Redhat Linux Admin  «Prev 

Introduction to Red Hat Linux and the General Public License

Benefits of a packaged Distribution

If Linux is available free on the Internet, why does Red Hat's packaged CD-ROM distribution of Linux sell at all? The primary reason is convenience. There are a number of benefits to the Red Hat packaged distribution.
One benefit is that a packaged distribution means each component can be easily upgraded. Another is that the user does not need to make decisions about which components to download, a process that is time consuming and requires intimate knowledge of the hardware environment into which Linux is to be introduced.

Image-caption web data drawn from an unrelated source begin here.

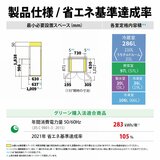 シャープ 545L 冷蔵庫 SJ-MF55M-H　（ラスティックダークメタル）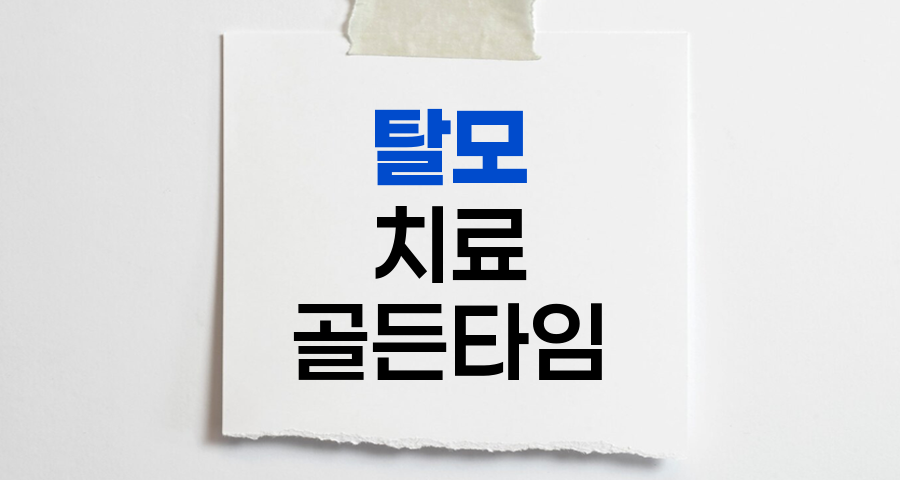 탈모 치료의 골든타임과 효과적 대응법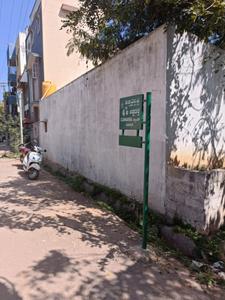 Image of 1166 Sq.ft Residential Plot / Land for sale in Virupakshapura, Bengaluru for Rs. 16000000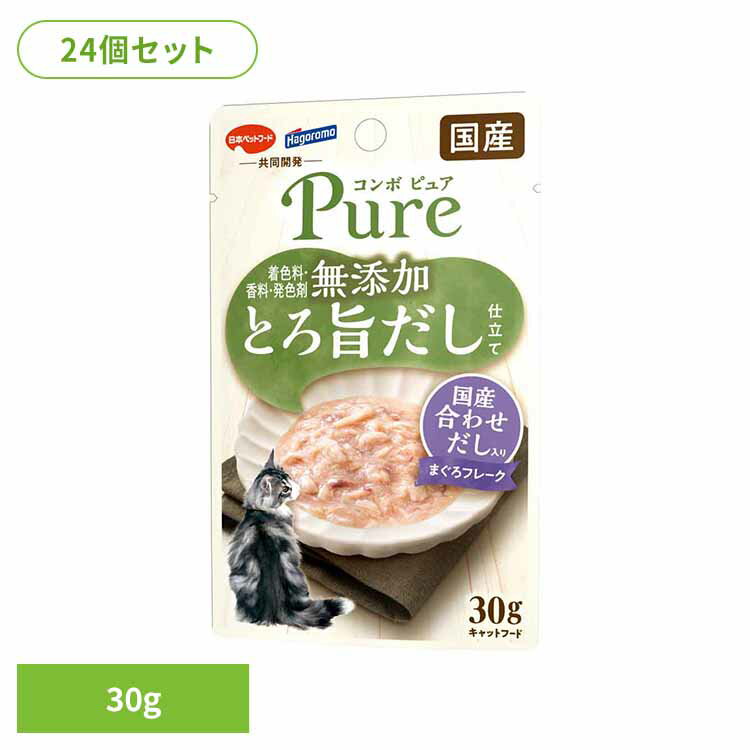 �ں���400��OFF�����ݥ��׻��������ۡ�24�ĥ��åȡ� ����åȥա��� �����å� �忧�� ���� ȯ���� ̵ź�� ����� �ԥ奢 ǭ ����å� �ѥ��� �ޤ���...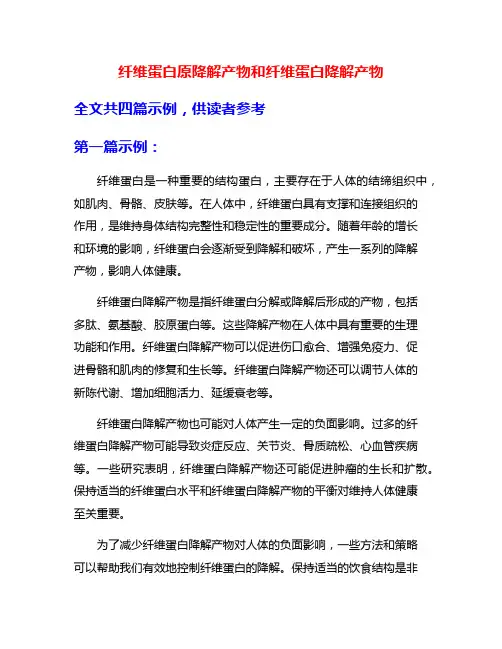 纤维蛋白原降解产物和纤维蛋白降解产物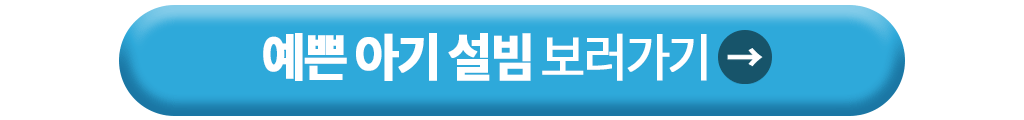 예쁜 우리아기 설빔
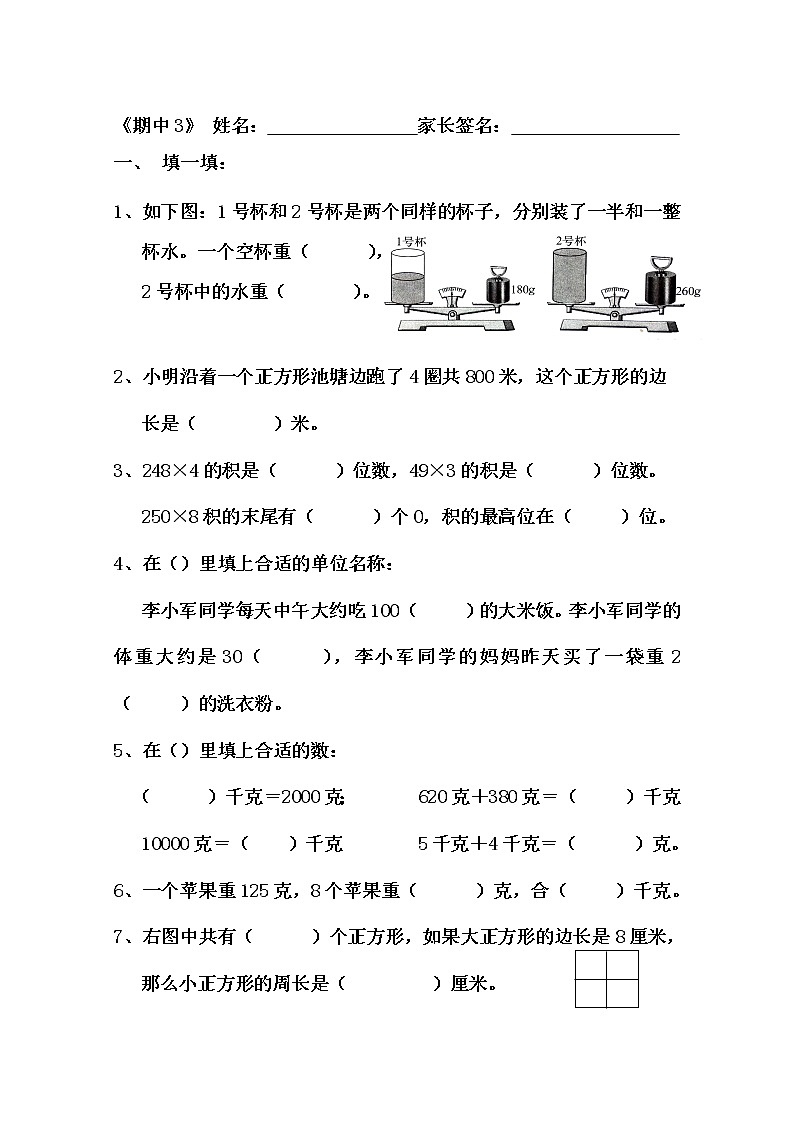 苏教版三年级上册数学期中3练习题（无答案）第1页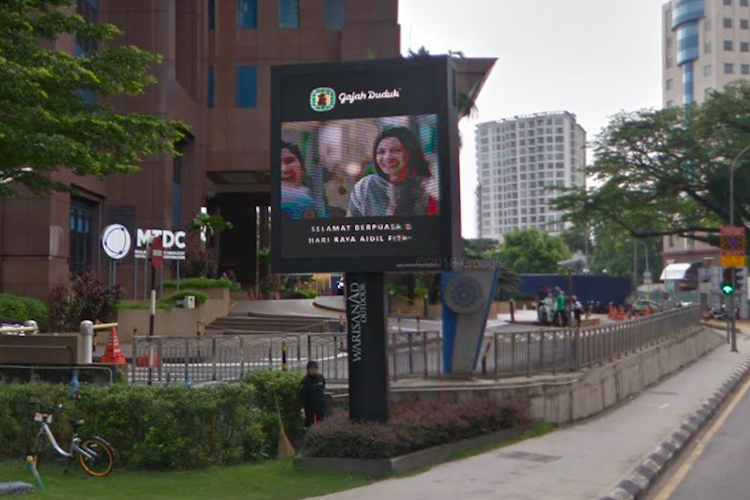 1 Sided Digital Screen Billboard at Jalan Bukit Bintang - Jalan Tun Razak, Kuala Lumpur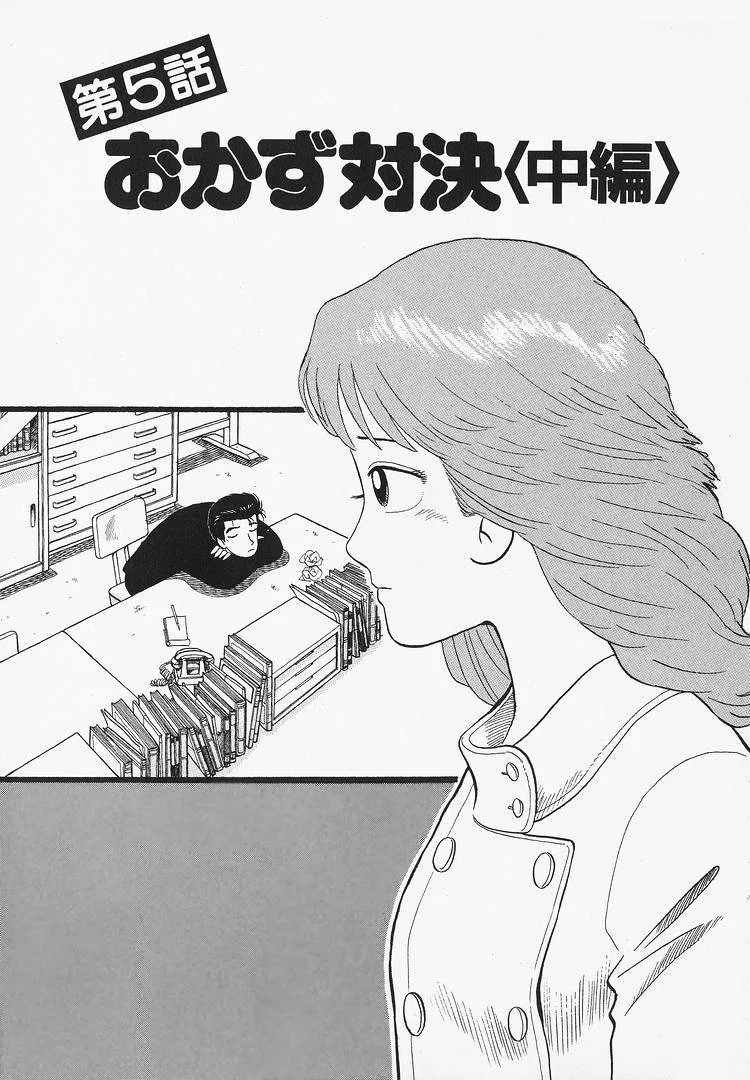 The Gourmet Chapter 324 – Page 1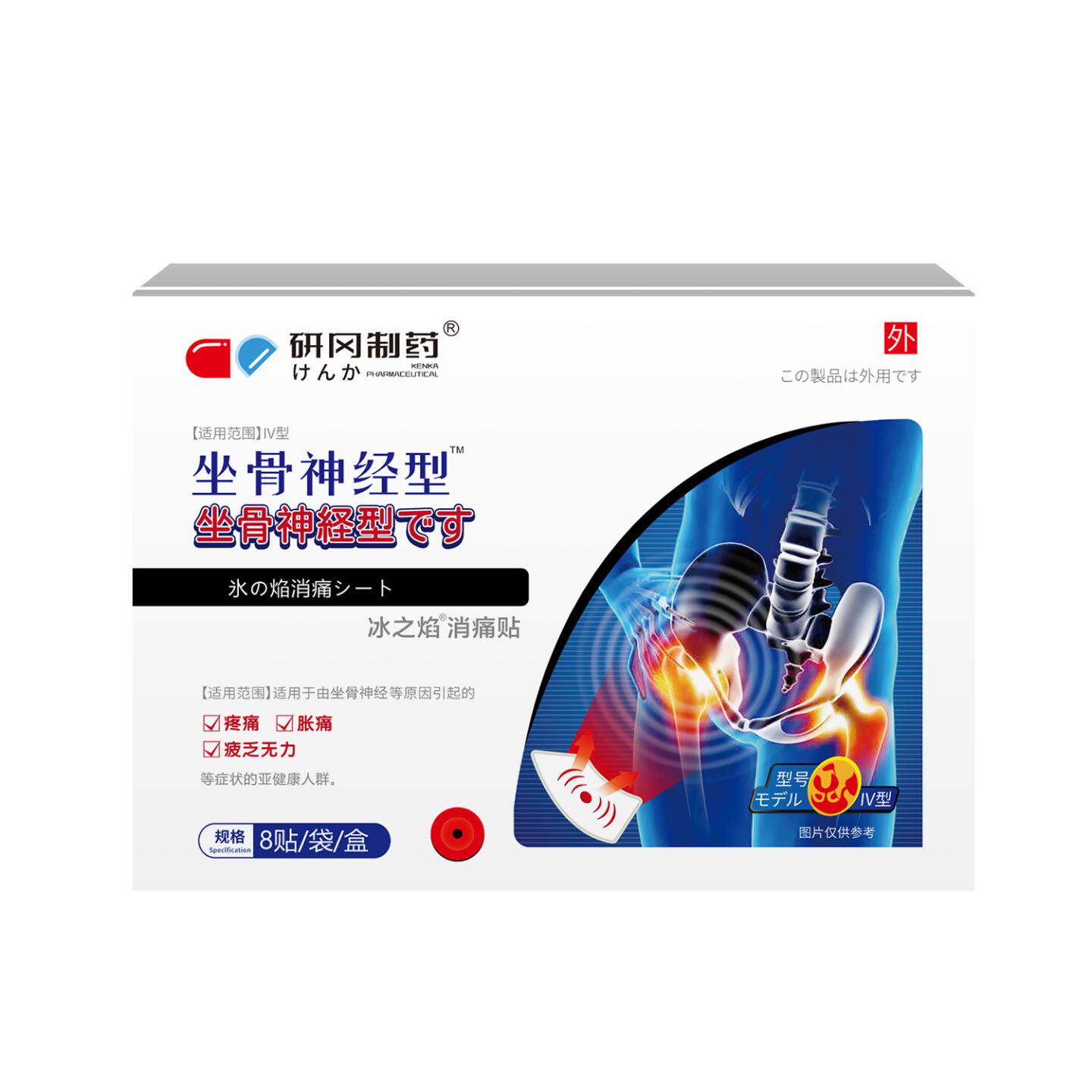 研冈制贴屁股腰痛麻腿痛舒筋痛贴下肢坐骨神经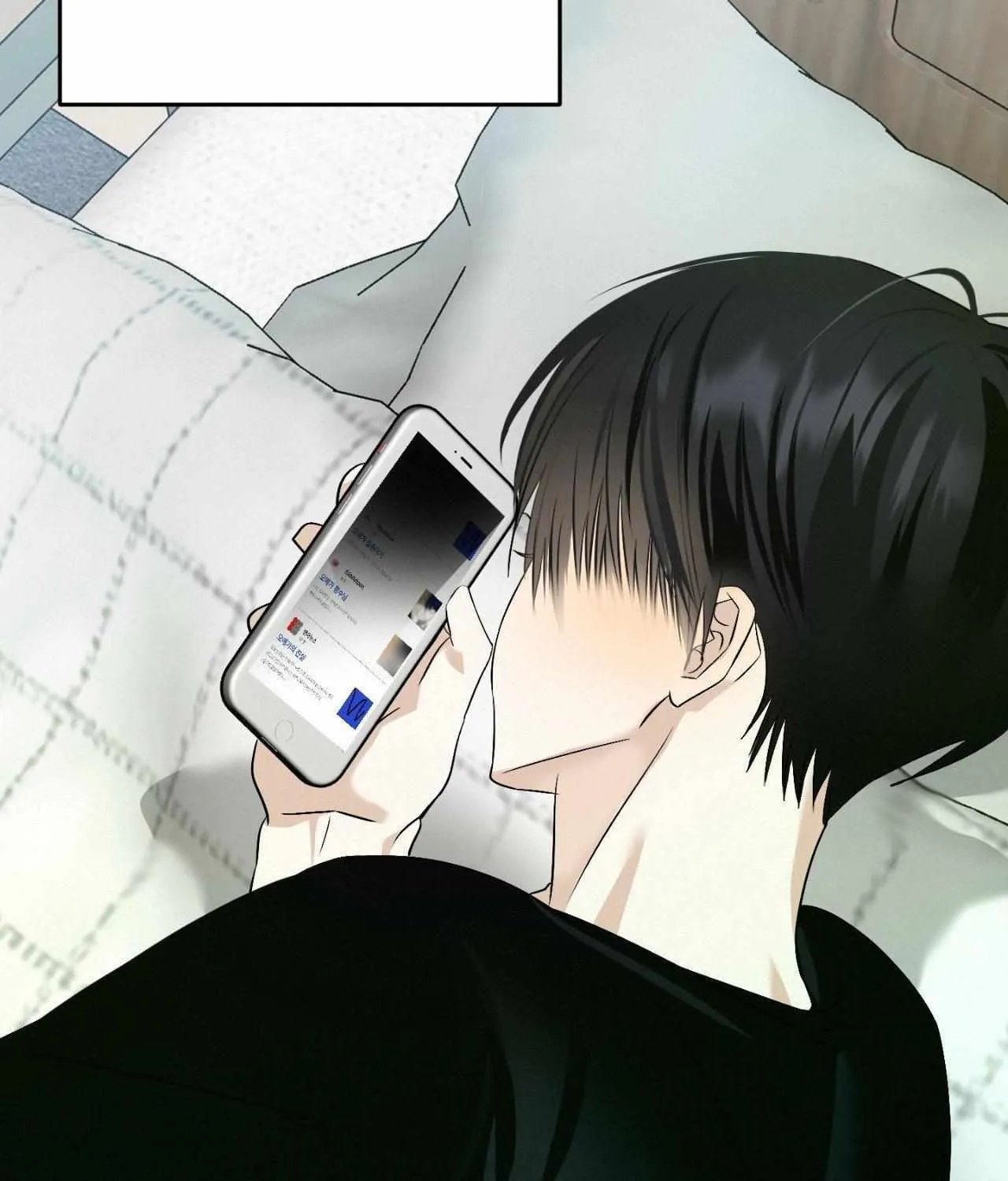 Uncommon Alpha Chapter 26 page 17 -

Red Hat Linux, assembled by the company Red Hat, was a popular Linux based operating system until its discontinuation in 2004.
Red Hat Linux 1.0 was released on November 3, 1994. It was originally called "Red Hat Commercial Linux" and was the first Linux distribution to use the RPM Package Manager as its packaging format.
Since 2003, Red Hat has discontinued the Red Hat Linux line in favor of Red Hat Enterprise Linux (RHEL) for enterprise environments. Fedora, developed by the community-supported Fedora Project and sponsored by Red Hat, is the free version best suited for home use. Red Hat Linux 9, the final release, hit its official end-of-life on 2004-04-30, although updates were published for it through 2006 by the Fedora Legacy project until that shut down in early 2007.